Deep Roots and New Reggae at SOB’s Last Night
Signal Fire opened a roots reggae twinbill at SOB’s last night that was as much a delicious throwback to the golden age of roots reggae as it was a look at where slinky one-drop sounds might go in the future. You might assume that Wilmington, North Carolina would be a hotspot for Americana sounds – Mark Sinnis calls the place home now – but it’s actually a college town with a surprisingly eclectic music scene. Signal Fire fit the mold of current-day American roots reggae bands, but they keep the sound closer to the ground, rooted in the earth. Guitarist/singer Sean Gregory would hit his distortion pedal for a blast of fire when the smoke threatened to go out, but otherwise he and the rest of the band – bassist Cullen Seward, drummer Ken Forrest and keyboardist Carl Blackmon – kept the low-key, blue-flame vamps going, closer to the Roots Radics in the late 70s at their most purposeful. In an age when so many so-called reggae bands are really just upper-middle-class white stoners taking a stab at funky rock through a ganja haze, what Signal Fire are doing is awfully refreshing.
As is Jesse Royal. What a diversely talented band this guy has. The drummer spiced the music with unexpected rolls and tumbles, the bassist anchoring it with murderous downtuned chords and deep-channel swoops up to the top of the fretboard. The lead guitarist’s elegant, shapeshifting textures occasionally gave way to Hendrix-inspired flashes and flickers, enveloped in bubbly organ, raspy synth brass or woozily tinkling electric piano from the keyboardist.

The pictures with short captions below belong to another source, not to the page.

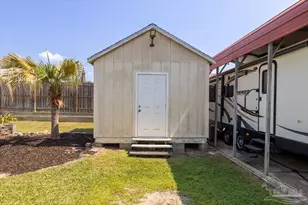 1708 Lighthouse Pointe Dr, Gulf Breeze, FL 32563 - Photo 47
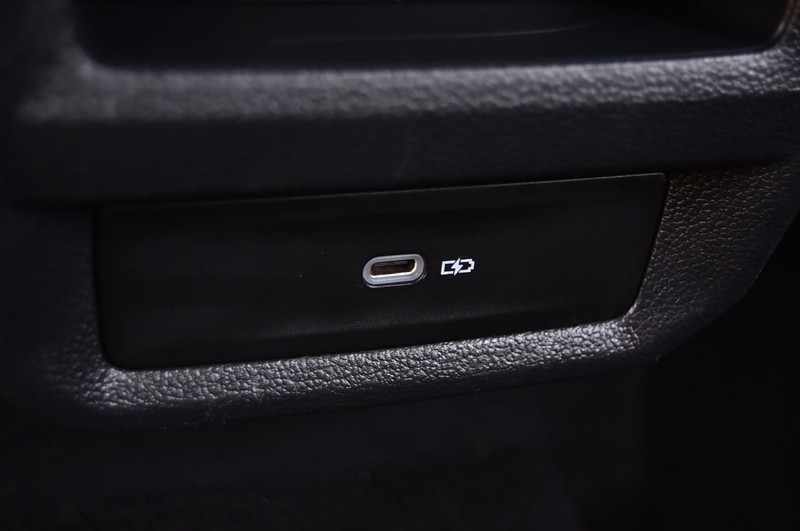 Volkswagen Taos Vehicle Full-screen Gallery Image 23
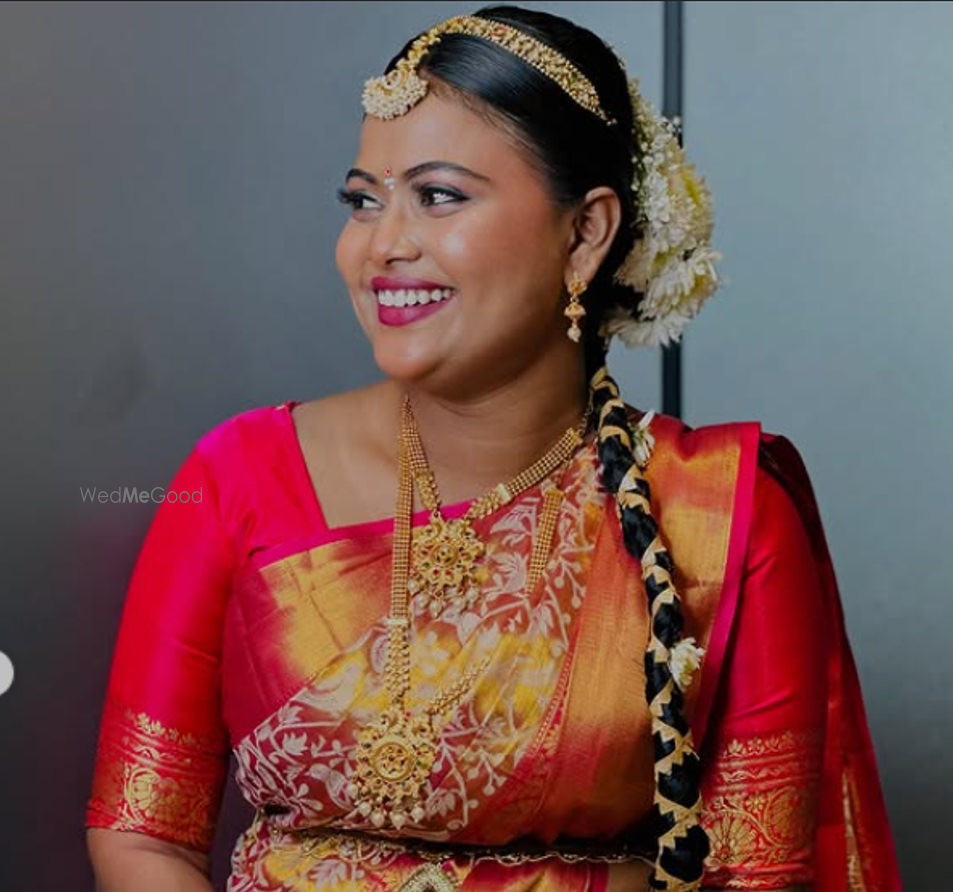 Lakmé Salon Adajan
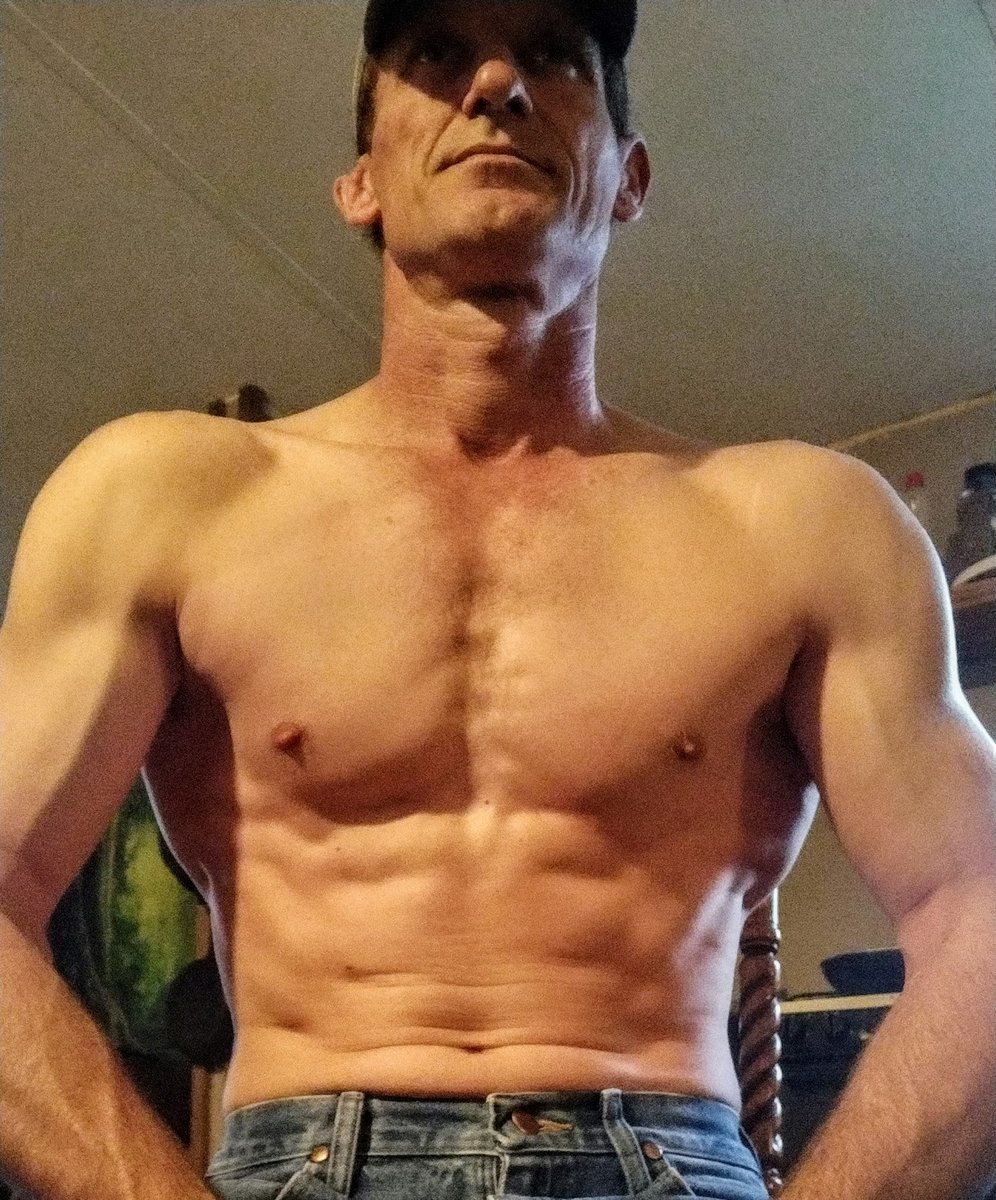 Jake Pixley (@tnhoneythorn) on Twitter photo As an 80's kid, I had the Hulk lunch box and action figures. It was <a href="/HulkHogan/">Hulk Hogan</a> who inspired me to lift weights when he slammed the giant. 🙏 As an 80's kid, I had the Hulk lunch box and action figures. It was <a href="/HulkHogan/">Hulk Hogan</a> who inspired me to lift weights when he slammed the giant. 🙏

In his resonant, melismatic baritone, Royal didn’t go straight for the romantic stuff either. He railed against 700 years of injustice and then celebrated finally being able to smoke up in peace in the night’s most wildly applauded number, Finally. Several numbers later, after he finally asked if he could play one for the ladies, he led the band through the ornate vintage 60s style soul ballad Next to You, which without the toasting could have been a Smokey Robinson hit.
Speaking of which, there’s a lot more toasting in roots reggae lyrics than there used to beL dancehall has left a lasting mark. But Royal’s is a lot closer to Eek-a-Mouse, or Yellowman without the smut, or vintage U-Roy than, say, Elephant Man. Likewise, the band’s steady, undulating skank would have worked perfectly behind, say, Freddie McGregor forty years ago. And for all his conscious lyrics and seriousness, Royal has a sense of humor. “I feel very close to this song,” he confided midway through the set. He paused: “it’s the first single off the new album.” For people who might have left reggae behind when the first wave of classic acts from the 70s began falling off the nostalgia circuit, Royal represents Jamaica in a way that an awful lot of golden-age artists used to. Let’s hope this is a trend.